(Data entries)
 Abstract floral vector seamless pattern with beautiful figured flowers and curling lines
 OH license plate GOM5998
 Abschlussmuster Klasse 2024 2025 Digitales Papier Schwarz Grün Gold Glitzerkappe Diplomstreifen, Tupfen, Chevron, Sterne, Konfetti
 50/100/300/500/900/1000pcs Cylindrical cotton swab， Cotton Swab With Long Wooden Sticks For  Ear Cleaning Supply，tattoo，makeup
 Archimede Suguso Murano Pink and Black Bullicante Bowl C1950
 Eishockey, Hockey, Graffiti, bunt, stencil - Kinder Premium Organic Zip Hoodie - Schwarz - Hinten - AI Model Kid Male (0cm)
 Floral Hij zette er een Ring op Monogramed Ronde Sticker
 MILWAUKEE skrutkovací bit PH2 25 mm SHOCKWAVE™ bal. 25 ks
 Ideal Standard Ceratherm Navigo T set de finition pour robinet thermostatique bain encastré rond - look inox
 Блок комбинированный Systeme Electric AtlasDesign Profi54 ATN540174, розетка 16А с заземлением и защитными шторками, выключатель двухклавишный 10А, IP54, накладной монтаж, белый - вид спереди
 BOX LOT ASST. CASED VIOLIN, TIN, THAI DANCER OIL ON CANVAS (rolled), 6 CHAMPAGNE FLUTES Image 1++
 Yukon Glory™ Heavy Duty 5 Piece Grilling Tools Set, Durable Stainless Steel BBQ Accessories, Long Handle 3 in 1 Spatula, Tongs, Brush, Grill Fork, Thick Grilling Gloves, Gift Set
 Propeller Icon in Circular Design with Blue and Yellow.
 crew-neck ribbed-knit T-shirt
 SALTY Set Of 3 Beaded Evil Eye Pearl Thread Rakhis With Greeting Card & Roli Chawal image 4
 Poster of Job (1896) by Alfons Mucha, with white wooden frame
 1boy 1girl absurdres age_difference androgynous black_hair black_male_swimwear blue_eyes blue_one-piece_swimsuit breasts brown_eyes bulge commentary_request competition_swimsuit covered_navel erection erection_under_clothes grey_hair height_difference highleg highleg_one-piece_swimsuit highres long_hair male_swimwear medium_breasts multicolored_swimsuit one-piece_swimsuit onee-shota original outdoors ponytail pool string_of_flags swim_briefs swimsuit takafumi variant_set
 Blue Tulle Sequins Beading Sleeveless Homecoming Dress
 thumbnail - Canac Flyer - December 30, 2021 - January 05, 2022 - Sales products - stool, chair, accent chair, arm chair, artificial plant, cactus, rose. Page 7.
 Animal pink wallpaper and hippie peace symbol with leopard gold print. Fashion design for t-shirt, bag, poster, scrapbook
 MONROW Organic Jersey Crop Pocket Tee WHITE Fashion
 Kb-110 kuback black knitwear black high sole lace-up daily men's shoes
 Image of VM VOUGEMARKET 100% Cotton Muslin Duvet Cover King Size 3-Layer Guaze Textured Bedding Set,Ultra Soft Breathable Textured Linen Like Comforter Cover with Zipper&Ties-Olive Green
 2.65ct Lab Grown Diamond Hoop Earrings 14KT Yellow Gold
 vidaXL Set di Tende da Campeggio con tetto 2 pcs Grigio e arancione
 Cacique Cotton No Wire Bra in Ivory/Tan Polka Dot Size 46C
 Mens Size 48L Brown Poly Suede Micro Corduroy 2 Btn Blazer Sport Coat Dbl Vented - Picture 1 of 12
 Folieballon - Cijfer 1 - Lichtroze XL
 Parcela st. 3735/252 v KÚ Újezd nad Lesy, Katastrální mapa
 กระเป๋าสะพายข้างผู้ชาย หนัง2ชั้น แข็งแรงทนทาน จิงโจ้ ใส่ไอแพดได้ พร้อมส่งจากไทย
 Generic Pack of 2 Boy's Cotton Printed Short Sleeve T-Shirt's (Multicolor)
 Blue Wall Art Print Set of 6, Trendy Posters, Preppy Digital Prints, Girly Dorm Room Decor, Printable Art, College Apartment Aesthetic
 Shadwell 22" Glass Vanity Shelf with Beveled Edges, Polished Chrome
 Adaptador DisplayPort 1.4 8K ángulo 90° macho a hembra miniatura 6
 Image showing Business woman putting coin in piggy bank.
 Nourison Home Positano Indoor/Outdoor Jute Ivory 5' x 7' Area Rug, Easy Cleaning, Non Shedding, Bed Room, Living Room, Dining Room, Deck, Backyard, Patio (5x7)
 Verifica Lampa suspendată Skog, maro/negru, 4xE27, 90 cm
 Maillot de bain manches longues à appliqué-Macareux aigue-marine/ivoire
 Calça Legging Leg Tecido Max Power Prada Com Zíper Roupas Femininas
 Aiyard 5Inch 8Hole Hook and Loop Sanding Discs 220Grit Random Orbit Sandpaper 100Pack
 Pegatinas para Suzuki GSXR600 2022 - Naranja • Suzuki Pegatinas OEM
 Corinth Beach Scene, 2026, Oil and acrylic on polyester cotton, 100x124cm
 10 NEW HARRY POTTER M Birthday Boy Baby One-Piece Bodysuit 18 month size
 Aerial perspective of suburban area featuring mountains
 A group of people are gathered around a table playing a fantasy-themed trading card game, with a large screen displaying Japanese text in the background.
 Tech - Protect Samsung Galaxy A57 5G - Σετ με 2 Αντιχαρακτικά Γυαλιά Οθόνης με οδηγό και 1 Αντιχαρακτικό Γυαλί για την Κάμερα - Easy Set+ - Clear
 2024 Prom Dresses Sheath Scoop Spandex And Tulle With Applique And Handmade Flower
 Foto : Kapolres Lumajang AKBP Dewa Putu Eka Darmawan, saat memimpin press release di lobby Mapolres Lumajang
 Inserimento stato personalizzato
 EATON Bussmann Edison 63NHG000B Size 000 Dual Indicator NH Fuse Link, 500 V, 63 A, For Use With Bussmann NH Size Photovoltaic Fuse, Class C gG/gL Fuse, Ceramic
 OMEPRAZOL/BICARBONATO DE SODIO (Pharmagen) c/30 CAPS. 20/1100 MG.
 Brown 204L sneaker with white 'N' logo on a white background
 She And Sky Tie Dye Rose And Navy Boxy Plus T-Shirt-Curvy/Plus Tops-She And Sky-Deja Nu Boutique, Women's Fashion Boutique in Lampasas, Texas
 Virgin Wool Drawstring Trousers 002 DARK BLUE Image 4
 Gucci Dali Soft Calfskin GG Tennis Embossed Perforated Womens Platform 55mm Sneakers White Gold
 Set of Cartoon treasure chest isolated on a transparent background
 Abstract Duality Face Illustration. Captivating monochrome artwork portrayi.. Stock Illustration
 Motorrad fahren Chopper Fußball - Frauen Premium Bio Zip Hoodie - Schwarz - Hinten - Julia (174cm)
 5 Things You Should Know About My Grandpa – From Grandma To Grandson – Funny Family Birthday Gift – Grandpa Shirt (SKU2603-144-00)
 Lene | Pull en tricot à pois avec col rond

• _EXERCISE OBJECTIVE_:
Which lines of the records contain "Premium"? Show each of them.

• _EXERCISE SOLUTION_:
 Eishockey, Hockey, Graffiti, bunt, stencil - Kinder Premium Organic Zip Hoodie - Schwarz - Hinten - AI Model Kid Male (0cm)
 Motorrad fahren Chopper Fußball - Frauen Premium Bio Zip Hoodie - Schwarz - Hinten - Julia (174cm)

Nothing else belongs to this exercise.